Second, Ms. Herron asserts that FHFA’s complete control over Fannie Mae makes Fannie Mae a federal actor. Congress empowered FHFA to act as conservator of Fannie Mae for the purpose of reorganizing, rehabilitating, or winding up its affairs. Thus, the enabling statute expressly allows FHFA temporary but complete control over Fannie Mae, not permanent control. The complete control exercised by FHFA is authorized by statute; it is how conservatorship is accomplished. Because conservatorship is by nature temporary, the government has not acceded to permanent control over the entity and Fannie Mae remains a private corporation.

Finally, Ms. Herron also argues that Fannie Mae was transformed into a federal entity via (1) Treasury’s appointment of Fannie Mae as administrator of the Home Affordable Modification Program through the Financial Agency Agreement and (2) Treasury’s entry into the Stock Agreement with Fannie Mae. With regard to the Financial Agency Agreement, it states that Fannie Mae is distinct from the government and must maintain a fiduciary duty of loyalty to the federal government. The Financial Agency Agreement also expressly provides that contractors to Fannie Mae (such as Ms. Herron) do not become subcontractors of the government. These provisions make it clear that the Financial Agency Agreement did not transform Fannie Mae into a government entity.

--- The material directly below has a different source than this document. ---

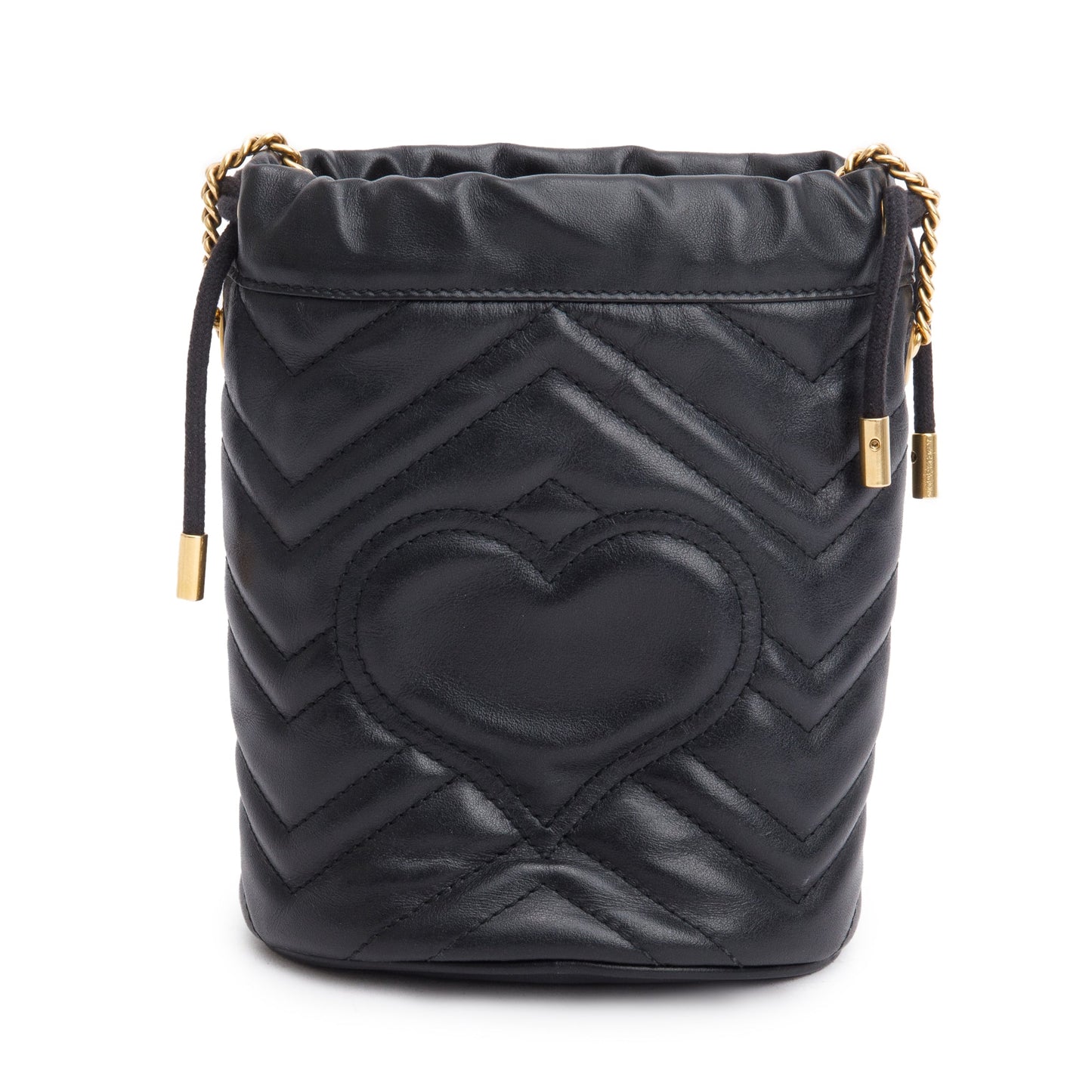 Gucci Black Calfskin Leather GG Marmont Mini Bucket Bag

As a result, Herron’s allegation that Fannie Mae violated the First Amendment by terminating Herron’s contract based on Herron’s speech cannot go forward: Because Fannie Mae, even while it’s run by the federal government, is treated as a private actor, it is not bound by the First Amendment.

I’m not sure this is right. The government is in some measure bound by the First Amendment (and other Bill of Rights provisions) even when it’s running entities that could be run privately, such as housing projects, universities, utilities, railroads, and so on; nor do I see a difference between temporary control by the government and permanent control. But that’s what the court held, and the Fifth Circuit case that it cited (Beszborn) did the same. (The Supreme Court in Lebron v. National Railroad Passenger Corp. (1995) left open the possibility that the temporary vs. permanent control distinction was constitutionally relevant, but it didn’t decide the question.)